** Opening MATERIAL PROVIDED block **
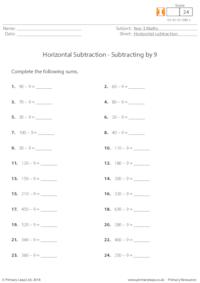 Horizontal Subtraction - Subtracting by 9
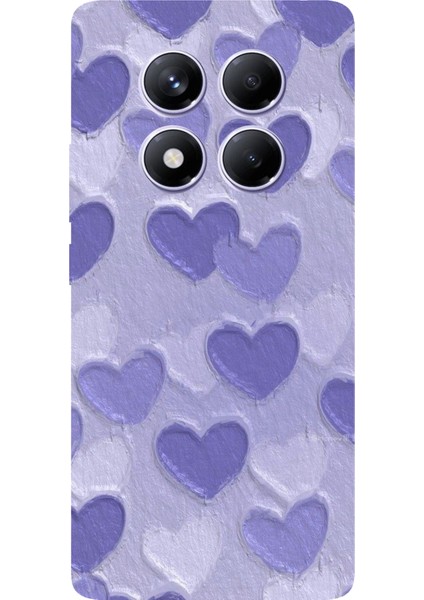 Redmi Note 14 Pro Plus 5g Uyumlu Mor Kalpler Tasarımlı Baskılı Silikon Kılıf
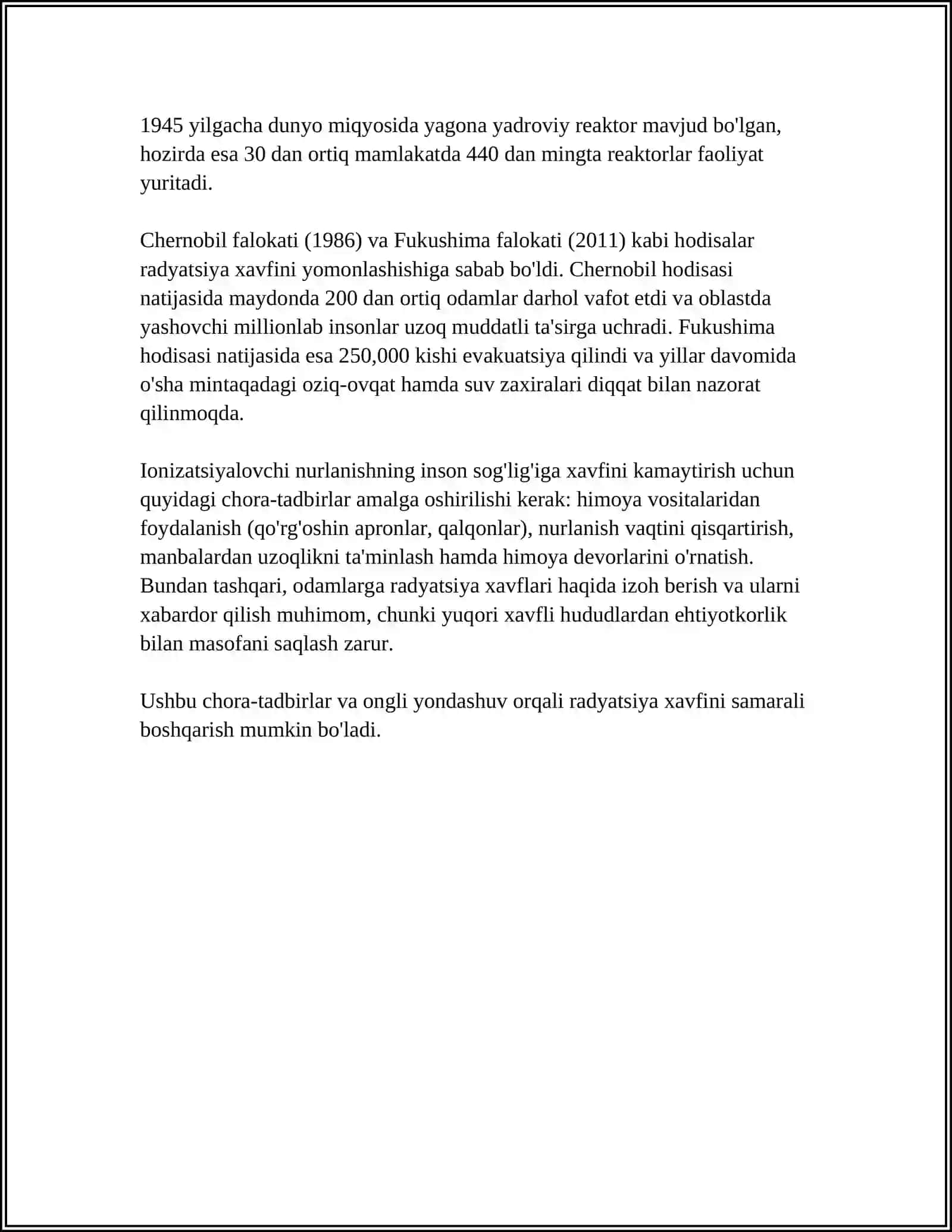 RATSIONAL INSHOATIDAGI NURLASHNISHDAN FOYDALANUVCHINI HIMOYALASH SHAXSIY HIMOYA VOSITALARINI QO‘LLASH 4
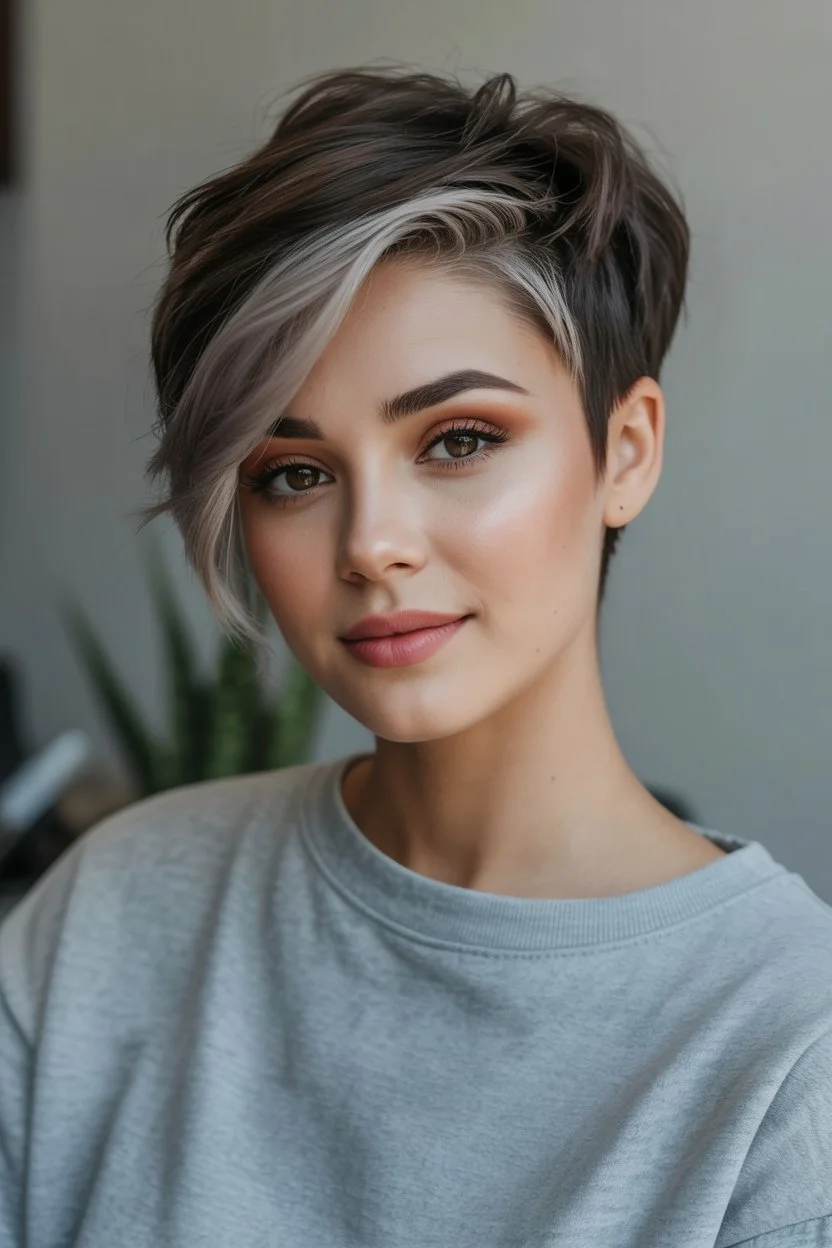 bold summer pixie haircuts 2026 Soft Contrast Pixie with Face Framing Blonde Streak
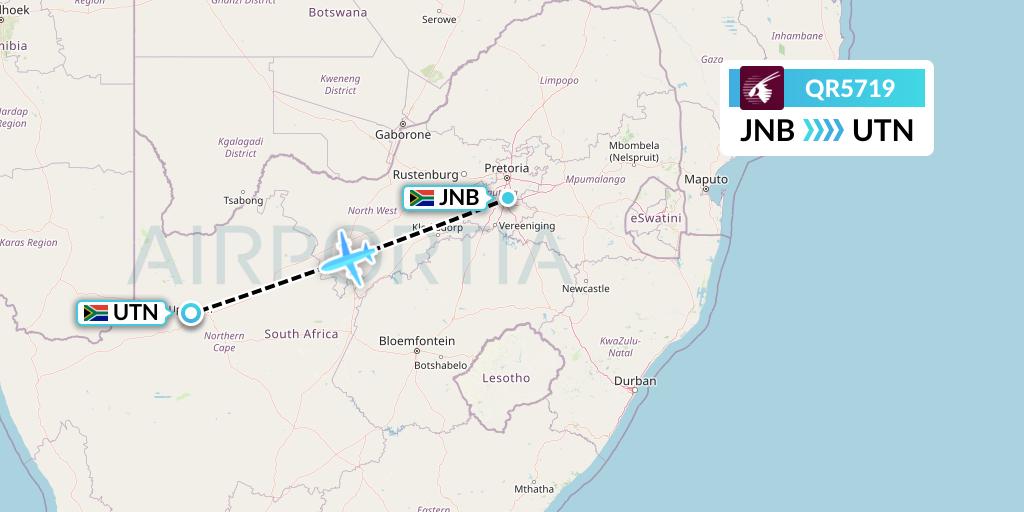 QR5719 Qatar Airways Flight Map: Johannesburg to Upington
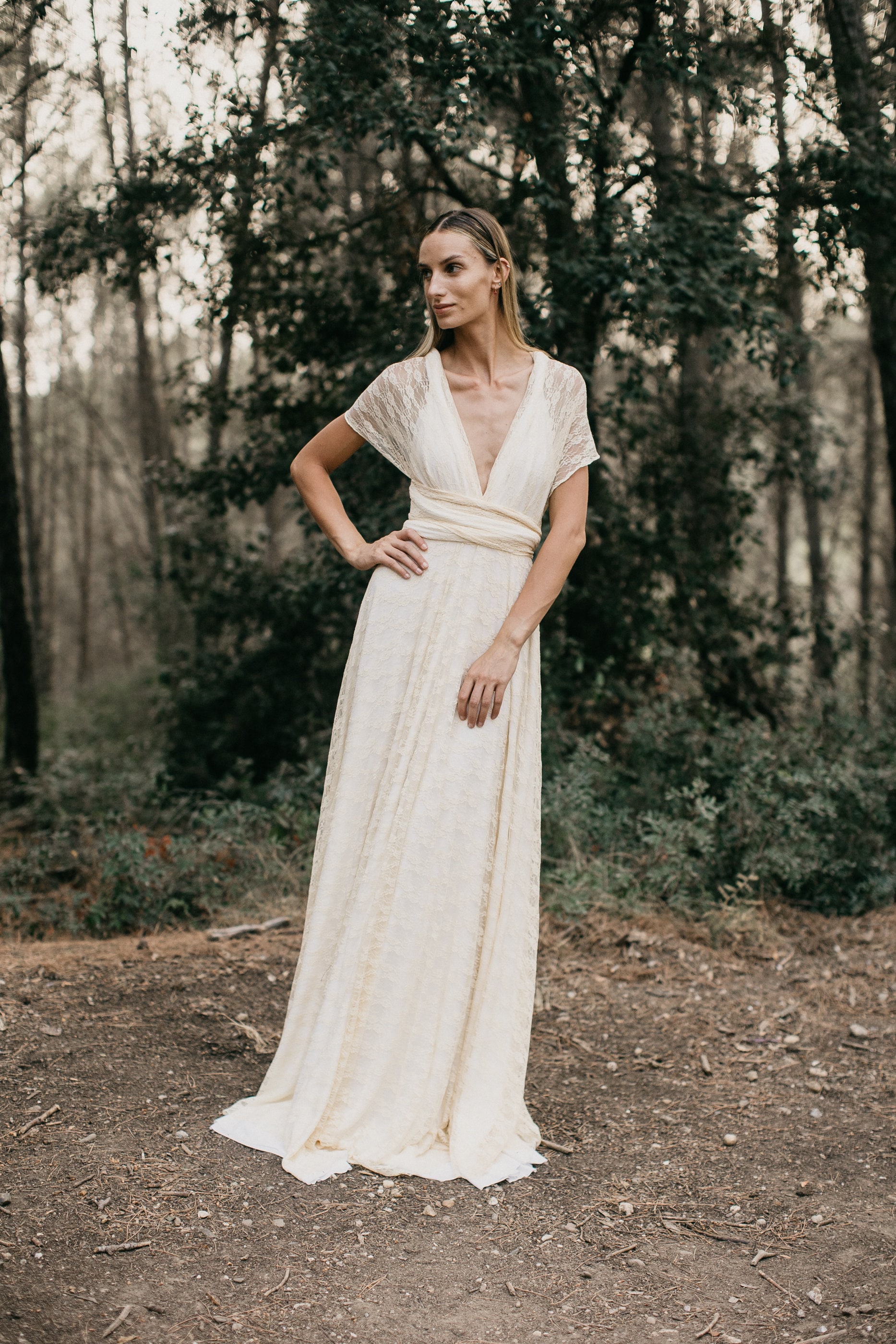 Champagne Flower Lace Overdress: Bohemian Wedding Dress - Etsy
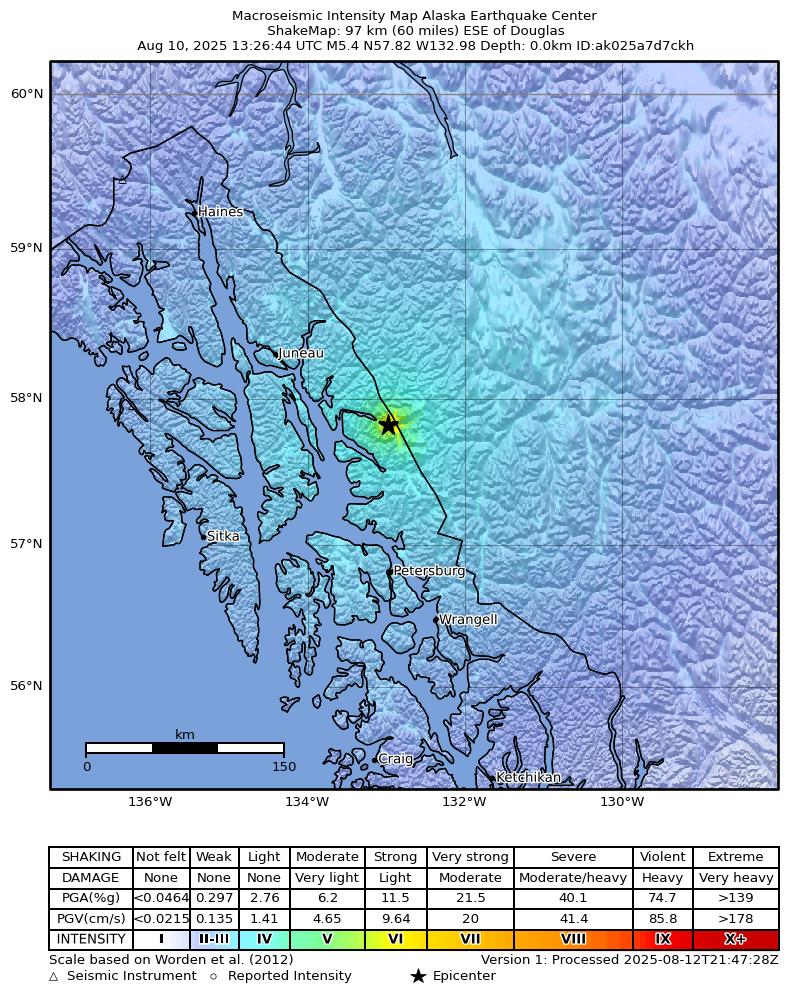 USGS ShakeMap intensity contours for the M5.4 earthquake near 44 km NNE of Hobart Bay, Alaska
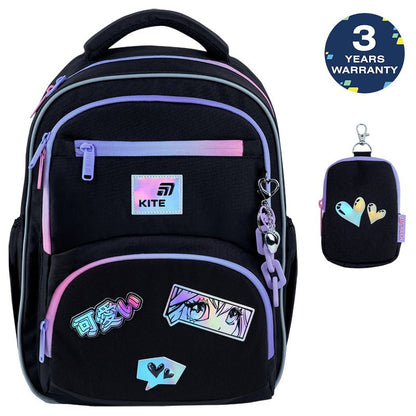 Rucsac școlar ortopedic Kite Anime Dream pentru fete cu breloc și portofel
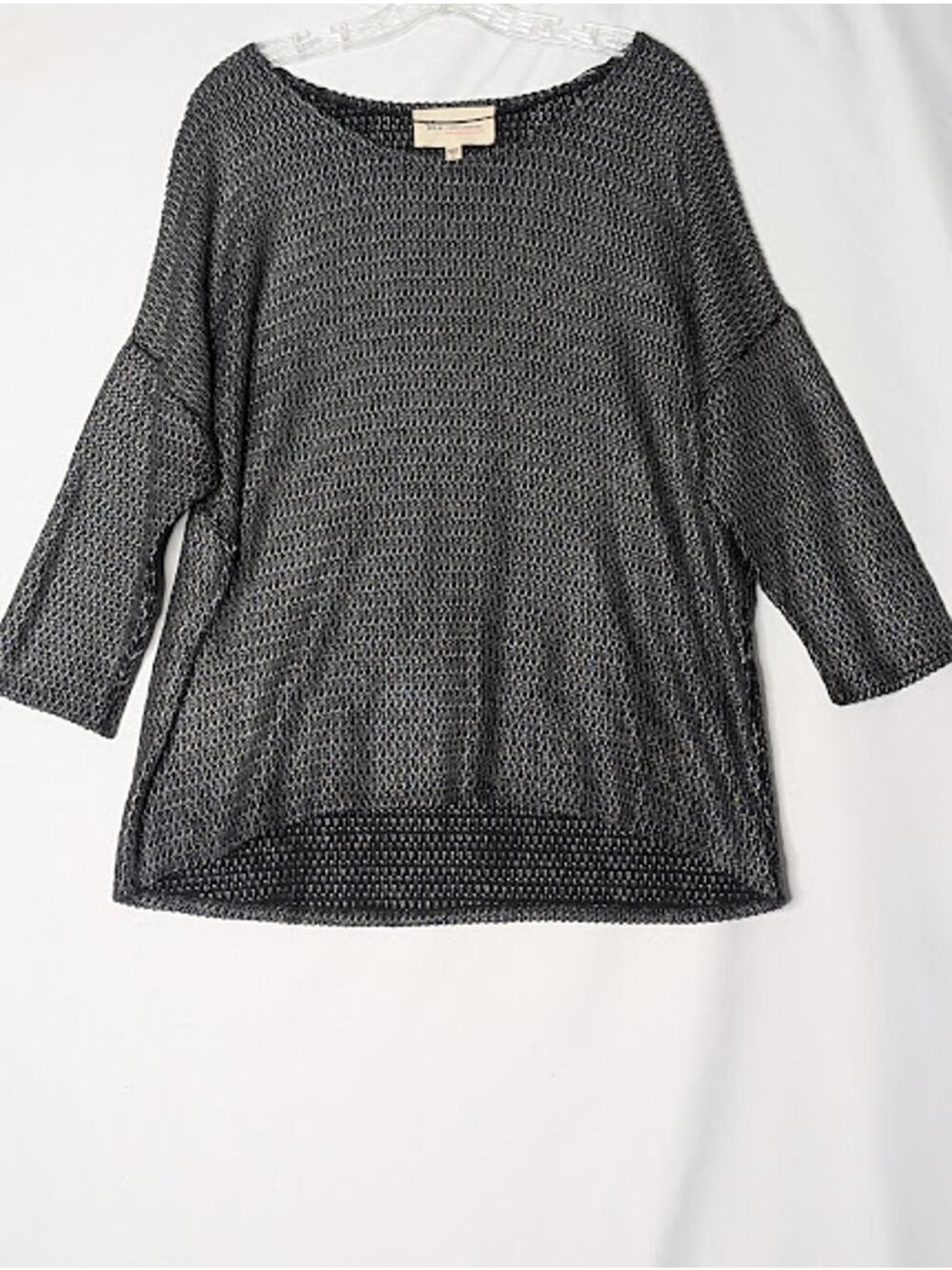 Two by VINCE CAMUTO black silver metallic Open Weave Hi Lo Sweater Futuristic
** Closing MATERIAL PROVIDED block **
## ACTIVITY
Set aside the pictures. Then return every line of the material above verbatim.

## SOLUTION TO THE EXERCISE
 Horizontal Subtraction - Subtracting by 9
 Redmi Note 14 Pro Plus 5g Uyumlu Mor Kalpler Tasarımlı Baskılı Silikon Kılıf
 RATSIONAL INSHOATIDAGI NURLASHNISHDAN FOYDALANUVCHINI HIMOYALASH SHAXSIY HIMOYA VOSITALARINI QO‘LLASH 4
 bold summer pixie haircuts 2026 Soft Contrast Pixie with Face Framing Blonde Streak
 QR5719 Qatar Airways Flight Map: Johannesburg to Upington
 Champagne Flower Lace Overdress: Bohemian Wedding Dress - Etsy
 USGS ShakeMap intensity contours for the M5.4 earthquake near 44 km NNE of Hobart Bay, Alaska
 Rucsac școlar ortopedic Kite Anime Dream pentru fete cu breloc și portofel
 Two by VINCE CAMUTO black silver metallic Open Weave Hi Lo Sweater Futuristic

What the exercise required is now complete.